# Input for this task
+===+

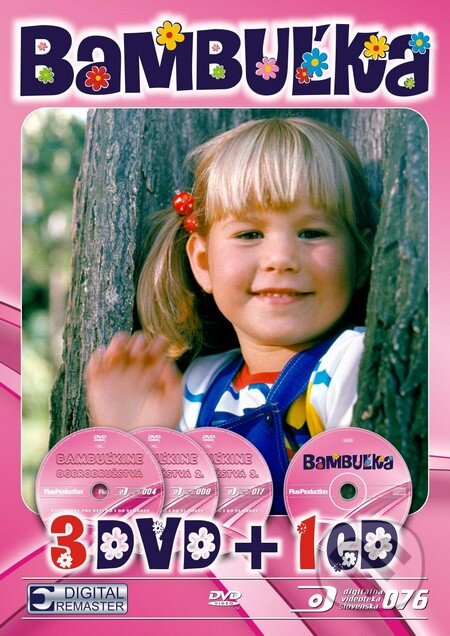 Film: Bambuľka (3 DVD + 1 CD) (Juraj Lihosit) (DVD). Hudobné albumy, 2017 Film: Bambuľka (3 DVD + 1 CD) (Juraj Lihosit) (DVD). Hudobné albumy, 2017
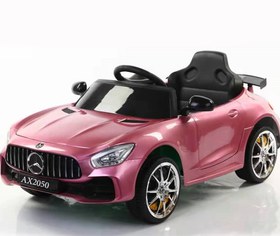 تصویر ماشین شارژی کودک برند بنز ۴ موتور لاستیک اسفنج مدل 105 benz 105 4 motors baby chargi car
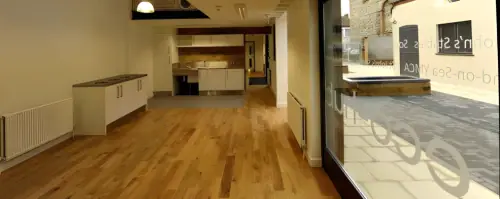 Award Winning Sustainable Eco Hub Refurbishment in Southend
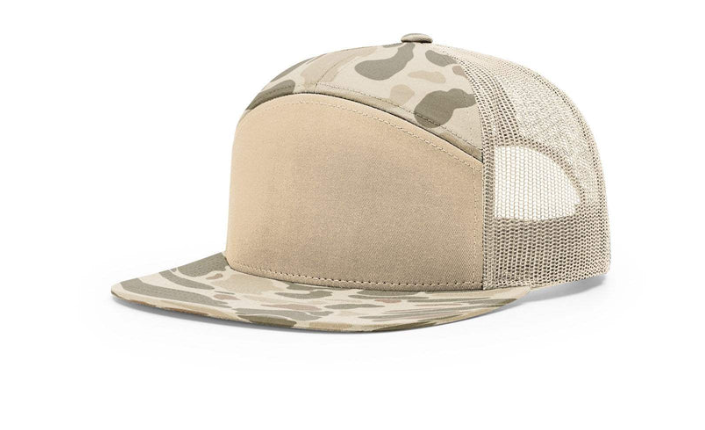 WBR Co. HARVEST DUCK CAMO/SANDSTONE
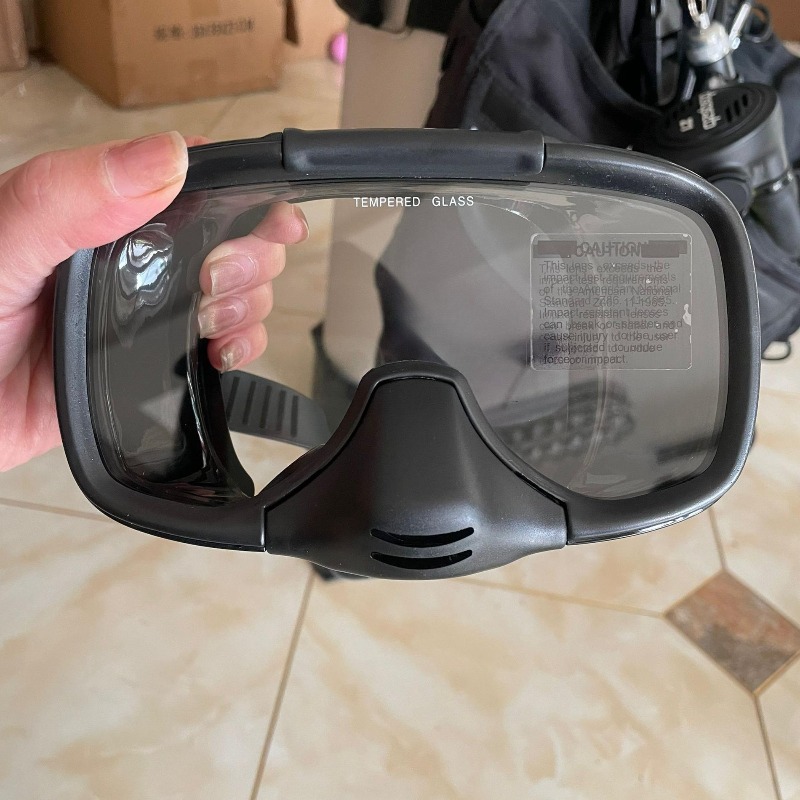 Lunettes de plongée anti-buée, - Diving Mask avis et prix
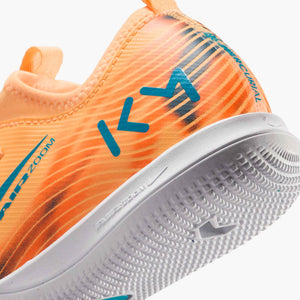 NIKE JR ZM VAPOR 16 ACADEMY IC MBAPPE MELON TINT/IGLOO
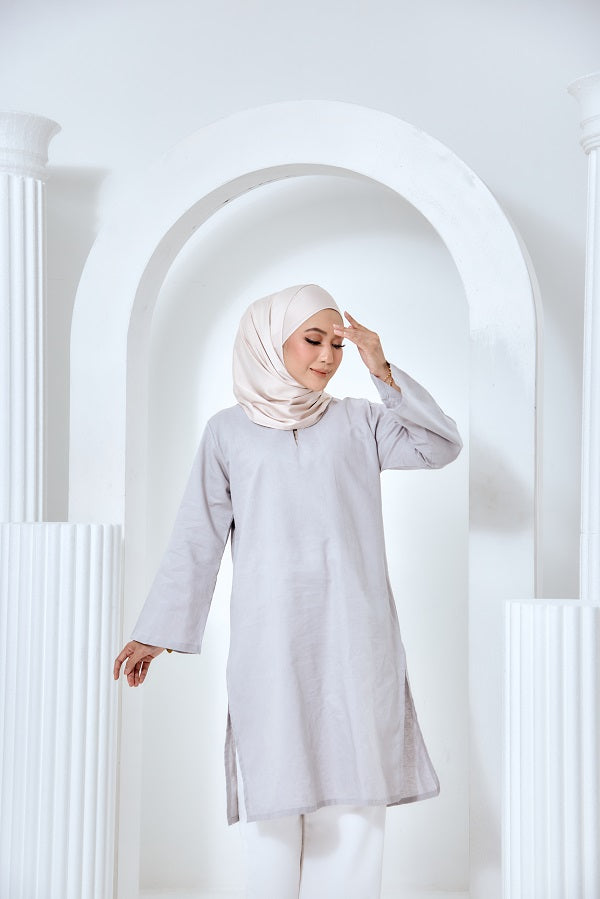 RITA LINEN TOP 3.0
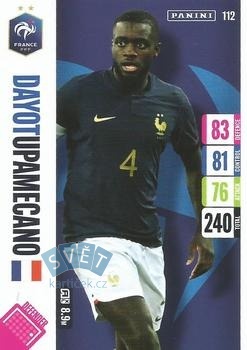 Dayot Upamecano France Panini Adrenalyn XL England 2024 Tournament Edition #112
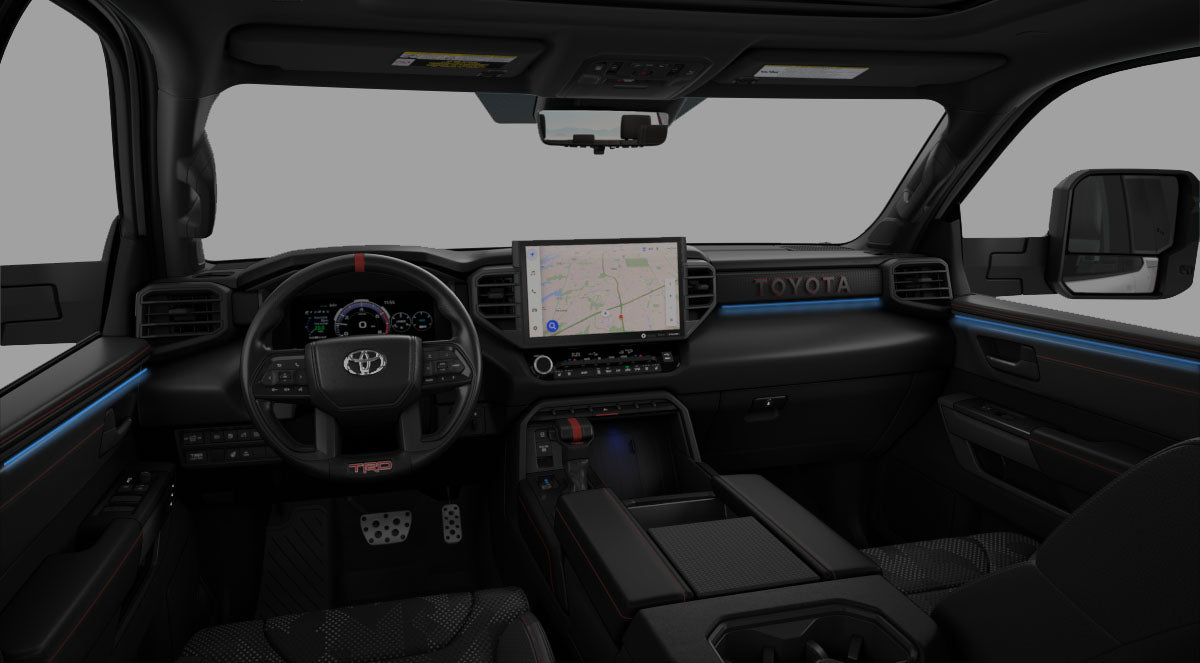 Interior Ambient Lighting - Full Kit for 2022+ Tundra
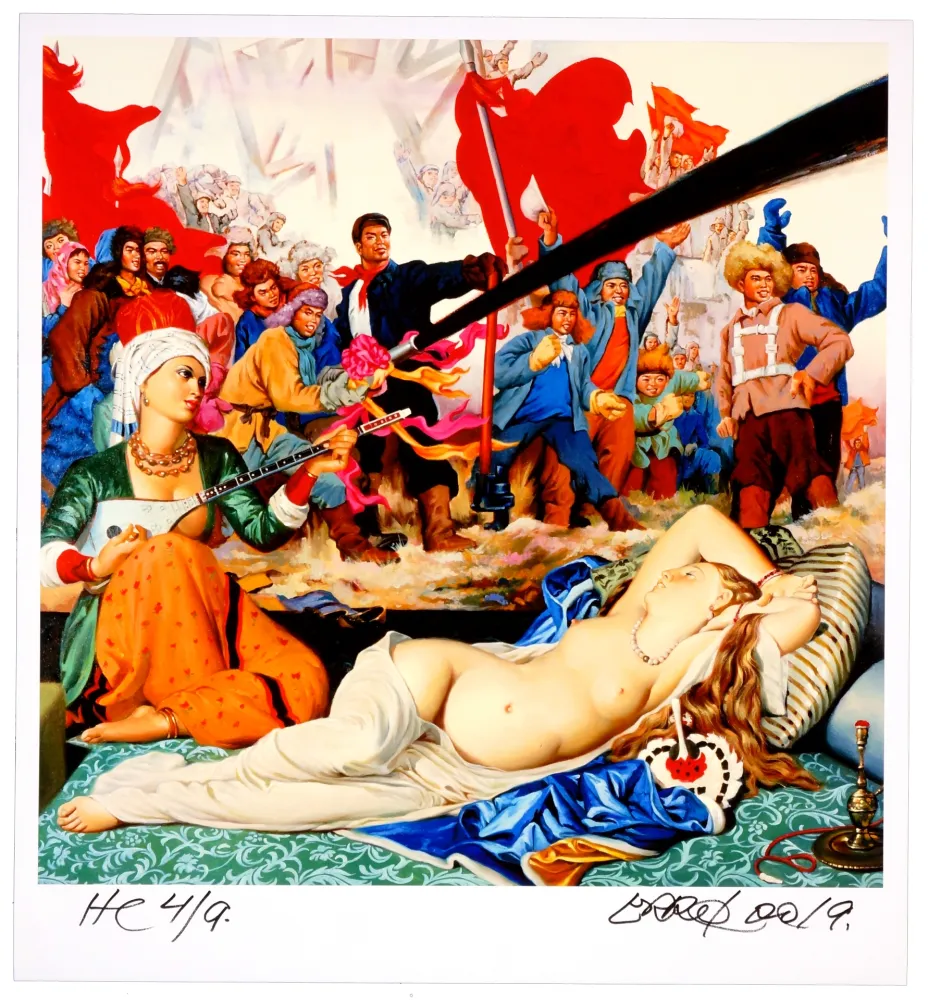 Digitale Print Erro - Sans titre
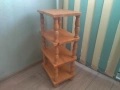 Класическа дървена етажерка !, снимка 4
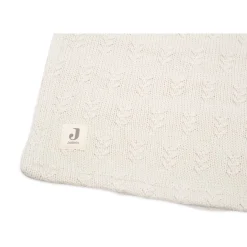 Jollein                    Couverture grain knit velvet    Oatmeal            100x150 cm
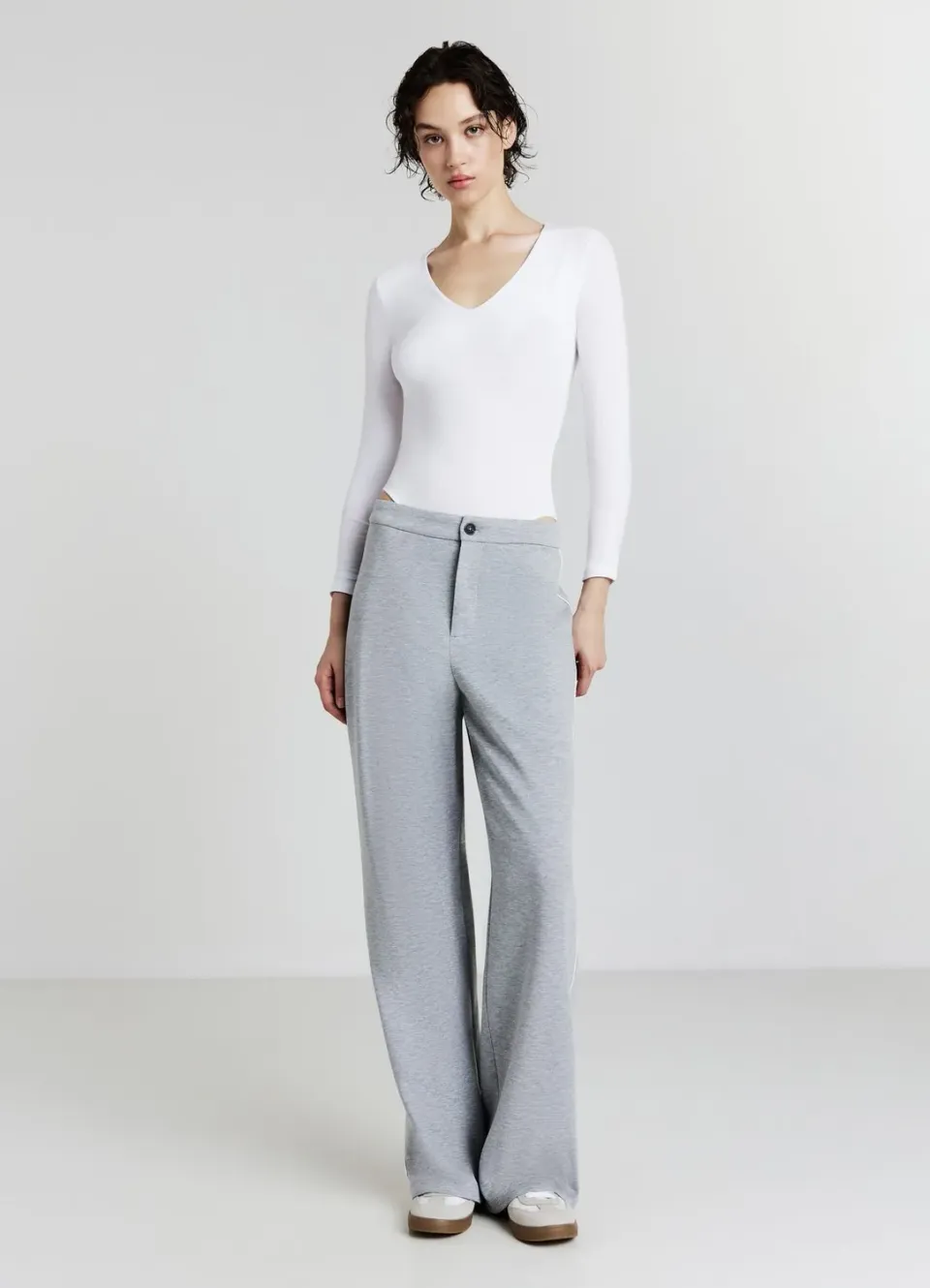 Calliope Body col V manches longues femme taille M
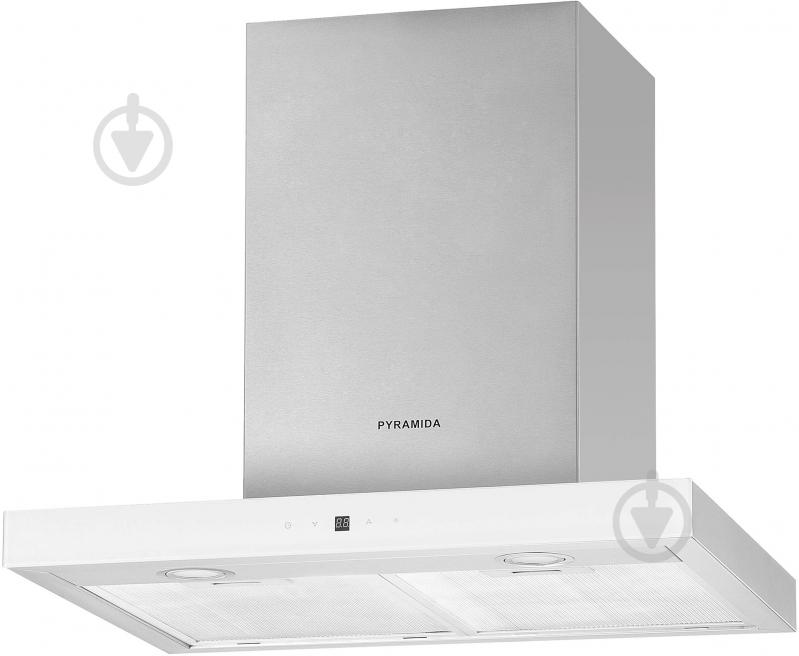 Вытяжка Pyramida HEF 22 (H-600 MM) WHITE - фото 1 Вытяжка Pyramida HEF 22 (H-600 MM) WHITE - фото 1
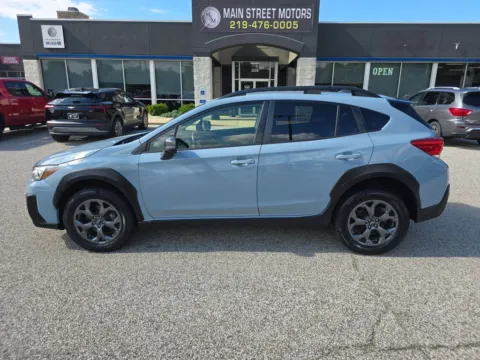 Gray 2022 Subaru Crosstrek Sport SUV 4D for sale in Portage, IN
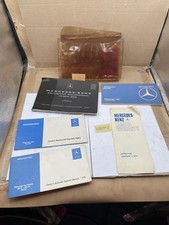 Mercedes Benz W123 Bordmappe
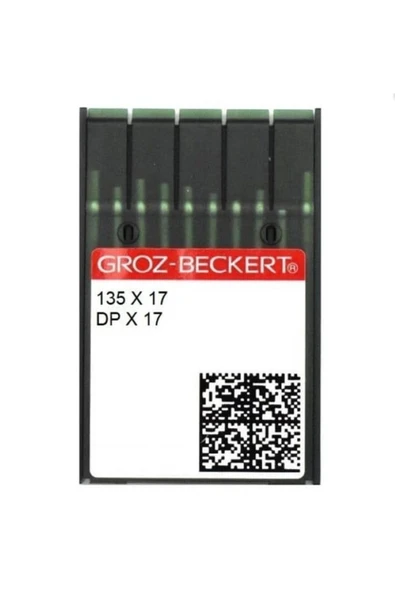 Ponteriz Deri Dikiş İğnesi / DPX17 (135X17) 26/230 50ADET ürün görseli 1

+===+

# Task to complete
Exact repeat, pictures omitted: give every line from the top of the records down to and including the line with "Digitale Print Erro - Sans titre".

# Written response
 Film: Bambuľka (3 DVD + 1 CD) (Juraj Lihosit) (DVD). Hudobné albumy, 2017 Film: Bambuľka (3 DVD + 1 CD) (Juraj Lihosit) (DVD). Hudobné albumy, 2017
 تصویر ماشین شارژی کودک برند بنز ۴ موتور لاستیک اسفنج مدل 105 benz 105 4 motors baby chargi car
 Award Winning Sustainable Eco Hub Refurbishment in Southend
 WBR Co. HARVEST DUCK CAMO/SANDSTONE
 Lunettes de plongée anti-buée, - Diving Mask avis et prix
 NIKE JR ZM VAPOR 16 ACADEMY IC MBAPPE MELON TINT/IGLOO
 RITA LINEN TOP 3.0
 Dayot Upamecano France Panini Adrenalyn XL England 2024 Tournament Edition #112
 Interior Ambient Lighting - Full Kit for 2022+ Tundra
 Digitale Print Erro - Sans titre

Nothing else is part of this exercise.